The Pension Protection Fund (PPF) has estimated the levy for 2015/16 will be £635m.
The PPF said the new estimate for the amount eligible UK DB schemes will have to pay is almost 10% less than the £695m it is expecting to collect this year (2014/15).
The lifeboat fund also hopes to keep the formula that determines each employer’s levy the same in the following two levy periods – 2016/17 and 2017/18 – and anticipates that this will see levies fall further as the numbers fed into the formula change.
The estimate was published as the PPF announced the proposed levy rules for 2015/16 following its consultation that ran between May and July this year.
PPF chief executive Alan Rubenstein (pictured) said: “We recently said in our Funding Strategy Update that we remain on course to meet our long-term funding target of self-sufficiency by 2030, but substantial risks remain.
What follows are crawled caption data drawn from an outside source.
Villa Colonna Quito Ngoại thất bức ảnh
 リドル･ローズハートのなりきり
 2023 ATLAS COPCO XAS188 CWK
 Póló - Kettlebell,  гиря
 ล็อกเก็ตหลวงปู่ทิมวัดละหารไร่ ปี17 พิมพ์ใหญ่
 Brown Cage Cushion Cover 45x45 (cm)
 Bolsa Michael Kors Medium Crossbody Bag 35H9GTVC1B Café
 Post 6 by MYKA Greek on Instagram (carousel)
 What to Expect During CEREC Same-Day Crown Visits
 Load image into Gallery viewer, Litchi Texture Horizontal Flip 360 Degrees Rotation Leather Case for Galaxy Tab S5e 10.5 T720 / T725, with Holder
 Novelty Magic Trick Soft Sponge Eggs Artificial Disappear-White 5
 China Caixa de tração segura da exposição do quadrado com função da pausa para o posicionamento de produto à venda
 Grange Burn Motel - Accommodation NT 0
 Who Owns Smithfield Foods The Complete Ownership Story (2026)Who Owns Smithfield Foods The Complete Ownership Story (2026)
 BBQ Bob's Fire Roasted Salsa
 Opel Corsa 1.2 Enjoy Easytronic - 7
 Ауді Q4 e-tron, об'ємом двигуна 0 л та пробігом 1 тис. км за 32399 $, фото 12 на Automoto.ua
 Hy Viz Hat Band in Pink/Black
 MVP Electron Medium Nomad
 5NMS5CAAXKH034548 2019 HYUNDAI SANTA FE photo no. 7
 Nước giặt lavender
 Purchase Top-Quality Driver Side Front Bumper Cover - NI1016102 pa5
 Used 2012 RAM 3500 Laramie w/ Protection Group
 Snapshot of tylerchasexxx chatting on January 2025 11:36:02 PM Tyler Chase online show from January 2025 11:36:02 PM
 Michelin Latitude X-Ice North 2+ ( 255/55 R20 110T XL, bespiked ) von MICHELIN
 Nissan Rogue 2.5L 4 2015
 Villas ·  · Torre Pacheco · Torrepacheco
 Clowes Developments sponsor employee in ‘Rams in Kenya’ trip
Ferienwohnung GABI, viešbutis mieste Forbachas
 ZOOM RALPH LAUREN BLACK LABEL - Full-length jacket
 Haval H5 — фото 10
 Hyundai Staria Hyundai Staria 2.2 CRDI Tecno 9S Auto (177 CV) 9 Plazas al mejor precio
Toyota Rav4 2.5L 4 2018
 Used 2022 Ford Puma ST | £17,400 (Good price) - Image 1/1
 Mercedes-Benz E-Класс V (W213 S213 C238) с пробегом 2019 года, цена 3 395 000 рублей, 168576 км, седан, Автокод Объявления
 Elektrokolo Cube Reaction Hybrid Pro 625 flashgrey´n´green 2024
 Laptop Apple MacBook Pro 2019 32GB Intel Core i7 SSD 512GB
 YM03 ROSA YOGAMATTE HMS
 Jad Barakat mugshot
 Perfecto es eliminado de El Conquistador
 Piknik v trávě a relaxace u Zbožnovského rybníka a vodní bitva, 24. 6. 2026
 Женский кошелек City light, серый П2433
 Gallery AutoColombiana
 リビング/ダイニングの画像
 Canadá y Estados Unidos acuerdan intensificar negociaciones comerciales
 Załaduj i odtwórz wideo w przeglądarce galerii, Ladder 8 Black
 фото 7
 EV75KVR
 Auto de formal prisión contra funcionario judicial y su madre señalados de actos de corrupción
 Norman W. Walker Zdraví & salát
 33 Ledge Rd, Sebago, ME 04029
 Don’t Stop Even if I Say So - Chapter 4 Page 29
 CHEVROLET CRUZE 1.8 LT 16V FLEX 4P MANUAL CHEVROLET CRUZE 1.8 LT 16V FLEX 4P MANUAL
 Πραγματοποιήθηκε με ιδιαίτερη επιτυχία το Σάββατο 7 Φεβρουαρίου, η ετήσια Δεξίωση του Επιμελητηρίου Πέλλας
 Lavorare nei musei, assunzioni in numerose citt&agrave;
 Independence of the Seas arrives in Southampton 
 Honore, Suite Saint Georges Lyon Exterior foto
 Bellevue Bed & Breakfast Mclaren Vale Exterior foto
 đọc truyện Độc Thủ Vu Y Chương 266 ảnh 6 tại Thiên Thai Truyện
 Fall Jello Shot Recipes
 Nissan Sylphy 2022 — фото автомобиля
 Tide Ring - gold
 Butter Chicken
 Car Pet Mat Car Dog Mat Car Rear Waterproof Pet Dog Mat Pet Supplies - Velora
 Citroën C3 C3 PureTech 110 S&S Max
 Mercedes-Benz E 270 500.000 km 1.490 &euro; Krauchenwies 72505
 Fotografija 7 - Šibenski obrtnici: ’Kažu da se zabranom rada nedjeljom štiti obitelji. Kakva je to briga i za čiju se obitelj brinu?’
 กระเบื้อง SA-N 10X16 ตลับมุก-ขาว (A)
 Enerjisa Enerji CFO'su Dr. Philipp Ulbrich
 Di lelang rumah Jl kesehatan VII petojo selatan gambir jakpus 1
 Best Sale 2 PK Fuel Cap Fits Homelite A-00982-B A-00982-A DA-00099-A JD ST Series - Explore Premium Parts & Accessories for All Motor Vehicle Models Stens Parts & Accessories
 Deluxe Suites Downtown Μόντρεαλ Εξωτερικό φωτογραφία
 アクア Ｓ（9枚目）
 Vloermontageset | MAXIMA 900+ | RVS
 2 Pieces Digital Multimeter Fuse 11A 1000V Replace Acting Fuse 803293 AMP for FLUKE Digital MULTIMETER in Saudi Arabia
We have therefore chosen to continue our approach from the first triennium in setting the overall levy rate for the coming year. This means we have sought to neutralise the wider levy changes, allowing the impact of improved funding to bring the quantum down. As a result we will seek to collect a reduced amount in 2015/16 in line with changes in current risk that we have seen. While the future is inevitably uncertain, levy estimates for the following two years appear likely to fall further rather than rise, based on the expected path of asset values and yields.”
The PPF said there was strong stakeholder support in the consultation responses for the move from Dun & Bradstreet to Experian as the new insolvency risk provider and for the PPF-specific model for assessing risk.
Enhancements to the model include amended rules on how it reflects mortgages – ensuring mortgages that are not relevant to insolvency risk are excluded; and a revised approach to asset backed contributions (ABCs). The PPF will now recognise all asset types not just UK property, provided the ABC is valued in a way that reflects the value to the PPF in the event of insolvency.
Barnett Waddingham partner Nick Griggs said he welcomed the proposal to remove certain mortgages from the insolvency risk model, the inclusion of which he sad was “was a major drawback of the original proposals”.
He added: “While improvements have been made, anomalies remain in the model that many will perceive as unfair. Some of these are inevitable given the PPF’s desire to produce a simple and statistically robust model – many employers will simply not fit the average profile of the companies the PPF’s model is based on.
“The PPF’s announcement that their target total levy is less than in previous years is of course welcome, but employers should beware that the change from D&B to Experian can mean significant changes to individual schemes’ levies.”
Elsewhere, Towers Watson senior consultant Joanne Shepard said: “Employers may be disappointed that the bill they’ve been presented with isn’t smaller: £635m is the amount the PPF would have expected to collect with no changes to the levy rules; in that sense, this isn’t really a levy cut.
“However, fixing the formula for three years is expected to see levies fall further as ‘bad years’ drop out of the period over which scheme funding levels are smoothed for levy calculations.”